La réponse ne tarda pas. Au début des années 1970, l’épopée du front pionnier de la baie James et l’exploitation des ressources hydroélectriques considérables du Moyen Nord de la province nourrissent alors le temps de la géographie héroïque moderne. Ce nouveau cycle pionnier engendra une certitude populaire : la viabilité de l’ambition nationale contemporaine québécoise dépendait bien en partie de sa capacité à exploiter les ressources nordiques. Nous étions passés en moins d’une décennie d’une vision politique passive, celle d’administrer le Nord, à un projet politique pionnier et actif, celui de mobiliser de gigantesques moyens pour en exploiter les richesses énergétiques.
Ce qui provoqua cette décision historique, c’est d’abord une collision frontale de représentations spatiales contradictoires du Nord. L’analyse de cet antagonisme demeure le socle d’une lecture géopolitique car,, jusqu’alors, le Québec ne s’était finalement heurté dans son projet nordique, et mollement encore, qu’aux gardiens du temps des prérogatives fédérales.
Le choc du projet de la Baie-James, c’est l’entrée en scène d’un nouvel acteur qui ne quittera plus le roman géographique nordique québécois : l’autochtone, l’indien cri de la Baie-James, l’Inuk des rivages arctiques.

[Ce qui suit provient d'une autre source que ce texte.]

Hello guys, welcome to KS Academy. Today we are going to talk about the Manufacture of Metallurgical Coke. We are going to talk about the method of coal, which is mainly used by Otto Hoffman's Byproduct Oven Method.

Cet acteur, en l’espace de quelques mois, va rompre avec l’immobilité du temps nordique, en formalisant des revendications considérables, territoriales, culturelles, économiques, en formant une élite politique assistée d’avocats et en déclarant défendre une autre vision du Nord. Pour prendre une métaphore théâtrale, il semble qu’à ce moment, et quelles qu’étaient les stratégiques contradictoires des acteurs en présence, le Nord québécois entrait dans la même unité de temps (politique et de lieu (l’espace national). L’écho autochtone de cette ambitieuse vision du Nord vint donc troubler durablement le projet québécois.

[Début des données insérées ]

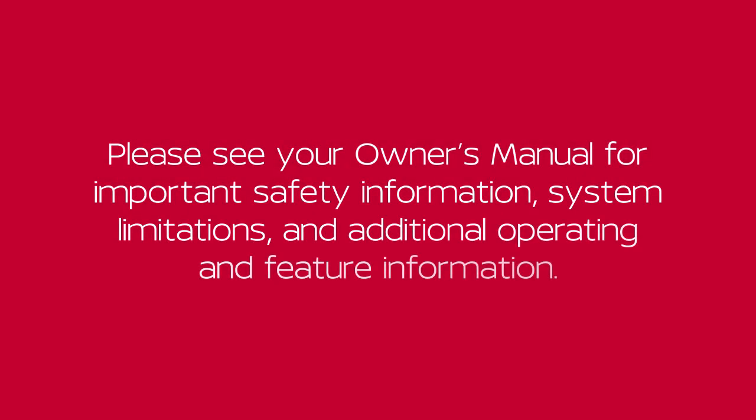Please see your Owner's Manual for important safety information, system limitations, and additional operating and feature information.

En altérant les fondements intégrateurs de la régionalisation des territoires septentrionaux, les revendications territoriales et identitaires des minorités autochtones cries et inuites, au nord du 49e parallèle, engagèrent la province, dès le début des années 1970, à redéfinir sans cesse sa lecture d’une « question nordique » qui devint durablement un « problème nordique ».
Les trente dernières années du XXe siècle québécois, qui ont vu alterner au pouvoir gouvernements souverainistes et fédéralistes, ont été ainsi profondément marquées par l’installation d’une double ambition sur l’avenir du Nord. L’enjeu nordique, d’abord de nature énergétique, semblait contribuer à l’avenir économique et industriel provincial. Aussi, la mise en forme politique d’une ambition nationaliste québécoise conditionnait d’autant les stratégies de régionallisations arctiques en modifiant ses représentations endogènes. Dans la même unité de temps politique, les minorités inuites du Canada et, particulièrement, les élites inuites du Québec recomposaient brillamment l’hypothèse géopolitique d’un territoire arctique redécoupé en vastes régions accédant à une forme originale d’autonomie.
(Éric Cannobio. Géopolitique d’une ambition inuite. Le Québec face à son destin nordique. Les éditions Septentrion, 2009.)